Nell’opera musical-popolare, di questa parte non c’è
traccia. Ci sono scene di montagna, temporali, scene della vita e della morte nel lager (le più belle e quelle in cui la musica è più sentita), diverse cerimonie religiose, molti segni di croce. Tutto finisce dopo la liberazione dal campo alleato nella bella chiesetta di Valdurna, con i suoi affreschi riprodotti letteralmente. Il giudizio artistico non è lusinghiero, ma soprattutto ci si chiede perché la grande sofferenza provata dal reduce del lager, che non vide mai riconosciuto il proprio dolore, mentre vedeva ogni giorno l’esaltazione di chi si era comportato malvagiamente contro di lui e i suoi compagni di sventura, non appaia in nessun modo. Nel libro è un componente essenziale, e probabilmente la ragione per cui dopo tanti anni Franz Thaler decise di scriverlo. Perché non se n’è lasciata traccia? Per non disturbare il potere politico mal disposto a pagare iniziative critiche?

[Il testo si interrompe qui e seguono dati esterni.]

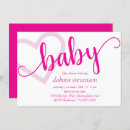 Recherche de fuchsia baby shower invitations Pour enfants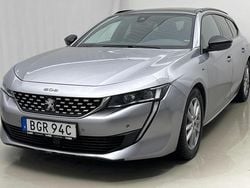 Grå Begagnad 2021 Peugeot 508 GT Kombi | 219 000 kr (Bra pris)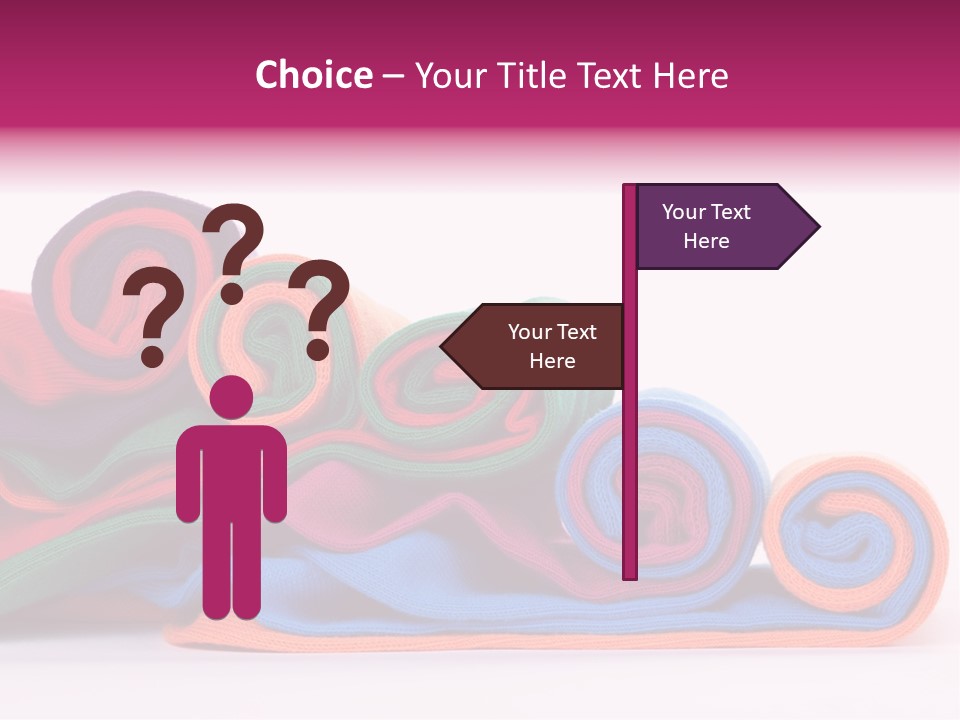 New Sock Heap PowerPoint Template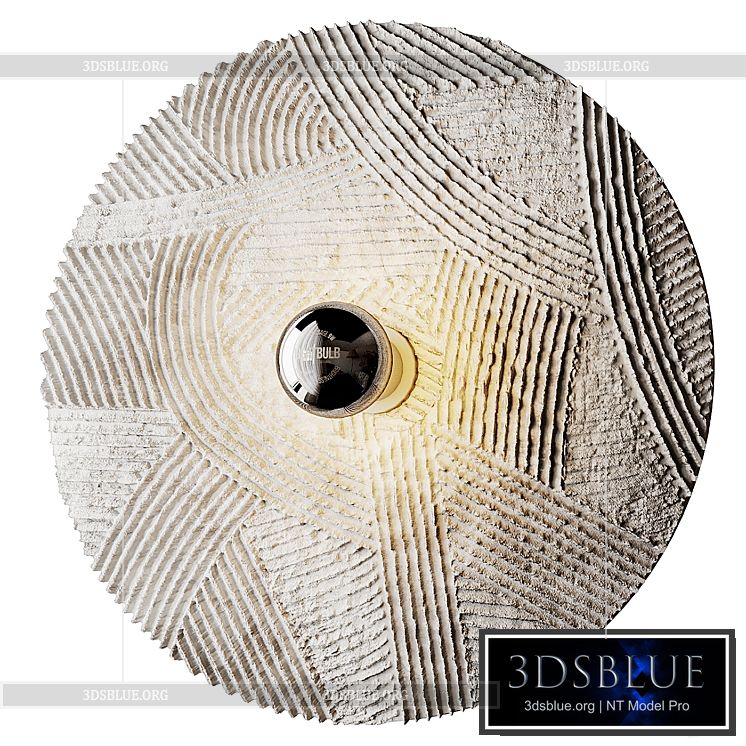 SOLCO Carrara Marble wall lamp from RADAR INTERIOR 3DS Max - thumbnail 3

Infine, la sera della prima, alla fine dello spettacolo, è accaduto qualcosa di imperdonabile. I due autori hanno preso Franz sottobraccio, e insieme si sono affacciati al proscenio, inchinandosi al pubblico, per raccogliere gli applausi. Nel farlo hanno costretto lui stesso ad inchinarsi. Quell’inchino, più che le servili parole di ringraziamento al presidente della giunta, meritevole di aver finanziato (con denaro pubblico; comunque un passo avanti, perché per finanziare il libro ci si dovette rivolgere a suo tempo all’Archivio dei documenti della resistenza austriaca) per l’iniziativa), offende. E’ quel pubblico, siamo noi tutti che dobbiamo inchinarci a Franz Thaler, non lui a noi. Dobbiamo inchinarci perché ha avuto il coraggio di rifiutare di entrare nell’esercito nazista, perché non ha perso l’umanità laddove tutto era fatto per distruggere la dignità umana, perché per lui sarebbe stato più facile stare zitto, rendersi la vita più facile nella chiusa valle del Sudtirolo dove chi si oppone all’ingiustizia è guardato con sospetto e messo da parte, era più facile non ricordare le sofferenze viste e subite, perché ricordare significa doverle rivivere e fa male.

Quell’inchino davanti ai politici del potere, ai giornalisti cinici, al pubblico elegante di una prima vissuta come un avvenimento mondano, è l’intollerabile simbolo del trionfo del desiderio che tutto sia moralmente indistinto, che tutto sia solo spettacolo.